Marina Ruy Barbosa se abriu sobre interpretar Suzane von Richthofen em “Tremembé”, nova série da Prime Video. Em entrevista à revista Ela, do jornal O Globo, ela explicou que aceitou o papel para “fugir do óbvio”, e disse que não teve “contato algum” com Suzane para o desenvolvimento da trama.
Acostumada a fazer ‘mocinhas’, a atriz contou o propósito para entrar de corpo e alma na série, e definiu a sua versão de Suzane – condenada a 39 anos e seis meses pelo assassinato dos pais, Manfred e Marísia, em 2002. “Minha Suzane é extremamente fria, calculista e manipuladora. Minha vontade é mostrar que estou disposta e em busca de projetos inesperados. Quero fugir do óbvio. Desejo surpreender o público, mesmo que isso cause certa estranheza“, ressaltou.
Marina pontuou que sua base foram as pesquisas do roteirista da obra. “É importante deixar claro que não tive contato algum com ela. Estamos falando de uma série de ficção inspirada em histórias reais. Na verdade, a minha base não foi a Suzane e, sim, registros jornalísticos sobre o crime apurados pelo pesquisador Ullisses Campbell. O grande desafio foi deixar fora do set, meus sentimentos, opiniões e pudores“, observou.
Bianca Comparato, que interpreta, na mesma produção, Anna Carolina Jatobá – condenada pelo assassinato da enteada Isabella Nardoni, em 2008 – disse na entrevista que Marina “se desconstruiu”. “Vai ser um crash de imagem ver a princesa que Marina é na pele de Suzane. Marina aparecerá sem maquiagem e com prótese nos dentes“, descreveu.

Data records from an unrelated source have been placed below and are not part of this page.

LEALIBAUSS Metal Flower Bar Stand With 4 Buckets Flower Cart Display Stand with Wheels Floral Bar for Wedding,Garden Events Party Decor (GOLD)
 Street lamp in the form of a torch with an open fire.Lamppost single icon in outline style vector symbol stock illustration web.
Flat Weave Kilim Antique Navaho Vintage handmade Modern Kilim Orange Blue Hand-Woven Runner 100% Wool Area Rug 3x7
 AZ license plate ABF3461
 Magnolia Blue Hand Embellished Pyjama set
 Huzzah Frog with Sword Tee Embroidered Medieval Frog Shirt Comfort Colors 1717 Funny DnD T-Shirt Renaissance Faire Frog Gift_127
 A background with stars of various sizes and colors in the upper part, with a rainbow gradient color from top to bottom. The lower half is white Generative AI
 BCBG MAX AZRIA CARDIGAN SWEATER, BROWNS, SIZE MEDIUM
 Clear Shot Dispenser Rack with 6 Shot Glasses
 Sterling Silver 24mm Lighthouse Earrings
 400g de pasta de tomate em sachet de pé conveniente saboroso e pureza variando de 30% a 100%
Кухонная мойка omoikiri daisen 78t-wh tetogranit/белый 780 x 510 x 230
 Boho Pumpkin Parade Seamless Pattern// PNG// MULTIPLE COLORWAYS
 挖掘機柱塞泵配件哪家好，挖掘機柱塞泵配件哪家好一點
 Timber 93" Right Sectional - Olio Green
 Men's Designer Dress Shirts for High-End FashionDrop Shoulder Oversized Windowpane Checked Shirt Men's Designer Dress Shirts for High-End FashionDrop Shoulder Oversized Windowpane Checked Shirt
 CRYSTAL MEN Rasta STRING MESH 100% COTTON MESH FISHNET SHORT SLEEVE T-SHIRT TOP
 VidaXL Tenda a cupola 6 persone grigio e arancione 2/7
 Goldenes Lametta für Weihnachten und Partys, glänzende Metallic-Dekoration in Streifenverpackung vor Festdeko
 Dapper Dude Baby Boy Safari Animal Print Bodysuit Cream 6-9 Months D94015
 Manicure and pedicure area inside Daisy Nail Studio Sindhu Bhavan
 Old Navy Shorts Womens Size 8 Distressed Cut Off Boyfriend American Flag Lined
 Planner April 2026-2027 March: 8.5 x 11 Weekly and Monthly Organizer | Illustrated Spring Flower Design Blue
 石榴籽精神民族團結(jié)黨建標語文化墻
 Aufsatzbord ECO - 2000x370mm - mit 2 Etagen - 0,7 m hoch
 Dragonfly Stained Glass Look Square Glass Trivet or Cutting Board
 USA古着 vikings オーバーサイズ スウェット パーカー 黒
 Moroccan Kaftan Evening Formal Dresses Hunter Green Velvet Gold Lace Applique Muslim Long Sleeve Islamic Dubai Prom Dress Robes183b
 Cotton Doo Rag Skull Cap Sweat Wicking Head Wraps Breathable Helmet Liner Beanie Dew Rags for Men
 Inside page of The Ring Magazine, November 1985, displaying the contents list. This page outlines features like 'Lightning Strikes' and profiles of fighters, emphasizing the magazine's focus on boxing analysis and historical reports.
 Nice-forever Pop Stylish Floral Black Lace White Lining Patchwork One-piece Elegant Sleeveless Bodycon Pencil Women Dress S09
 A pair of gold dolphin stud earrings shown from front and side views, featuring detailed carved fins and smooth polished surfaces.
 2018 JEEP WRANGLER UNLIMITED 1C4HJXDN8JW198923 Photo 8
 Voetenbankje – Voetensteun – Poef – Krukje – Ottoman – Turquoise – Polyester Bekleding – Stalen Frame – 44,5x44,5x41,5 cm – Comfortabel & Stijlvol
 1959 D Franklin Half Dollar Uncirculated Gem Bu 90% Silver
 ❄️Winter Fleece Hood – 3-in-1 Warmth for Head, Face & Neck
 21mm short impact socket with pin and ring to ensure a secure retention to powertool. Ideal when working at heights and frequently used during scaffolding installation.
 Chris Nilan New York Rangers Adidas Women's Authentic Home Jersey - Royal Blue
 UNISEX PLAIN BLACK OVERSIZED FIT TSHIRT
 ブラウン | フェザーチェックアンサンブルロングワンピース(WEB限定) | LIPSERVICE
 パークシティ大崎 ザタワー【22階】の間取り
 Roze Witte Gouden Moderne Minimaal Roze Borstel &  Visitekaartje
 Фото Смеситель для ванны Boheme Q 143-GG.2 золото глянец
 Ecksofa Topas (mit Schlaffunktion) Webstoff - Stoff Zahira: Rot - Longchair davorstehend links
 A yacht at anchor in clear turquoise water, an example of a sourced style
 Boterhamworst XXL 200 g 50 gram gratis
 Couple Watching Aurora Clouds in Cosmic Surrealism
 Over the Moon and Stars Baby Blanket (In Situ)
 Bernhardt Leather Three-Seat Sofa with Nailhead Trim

A artista também foi elogiada pela diretora, Vera Egito, e por Britney, que assina a caracterização da série. “[Ela] age de maneira oposta ao que chamamos de ‘estrelismo’. Chega ao set com tudo estudado, é muito disciplinada. Tem o poder de encantar as pessoas e, como atriz, traz um mistério. Entrega uma atuação realista e consciente“, observou Egito.
Britney, por sua vez, citou a capacidade e a abertura da estrela para se transformar em cena. “Testemunhei sua sensibilidade e dedicação. Estabelecemos uma relação de confiança e de muita troca. Ela é uma líder com afeto“, comentou. Marina atua, pela primeira vez, como produtora associada de “Tremembé”. A produção abordará o dia a dia da penitenciária paulista, que abriga autores dos crimes de maior repercussão do país, e tem estreia marcada para 31 de outubro.
O trabalho desafiador vem após o encerramento de seu contrato de exclusividade com a TV Globo, no ano passado. “Não foi o fim de uma relação e, sim, de uma exclusividade. Hoje posso experimentar novas possibilidades. Enxergar a vida aos 30 anos não se trata de abandonar caminhos, mas de costurar novas camadas à minha trajetória. É como se todas minhas facetas encontrassem um diálogo mais profundo e se entrelaçassem“, refletiu.
Marina ainda estará no filme “Antártida”, da Globo Filmes. No thriller, previsto para ser lançado em 2026, ela interpretará Inês, uma cientista formada em Geologia que estará confinada, com um grupo de cientistas, durante o inverno, na Estação Antártica Comandante Ferraz (EACF). Porém, tudo muda quando a personagem sofre uma violência sexual. “É importantíssimo falar sobre esse tema, a violência contra a mulher“, destacou.
Para o papel, a estrela platinou os fios e surgiu loura pela primeira vez em maio. “Faz parte do processo, de me libertar de várias caixas. É importante que o mercado veja que estou aí e que posso ser do jeito que precisar“, garantiu. Para a roteirista do filme, Claudia Jouvin, a atriz “faz tudo muito bem“. “E ainda fala baixo, transborda doçura, olha no olho, é linda. E, por dentro, tem essa ebulição criativa e o desejo de realizar coisas novas“, completou.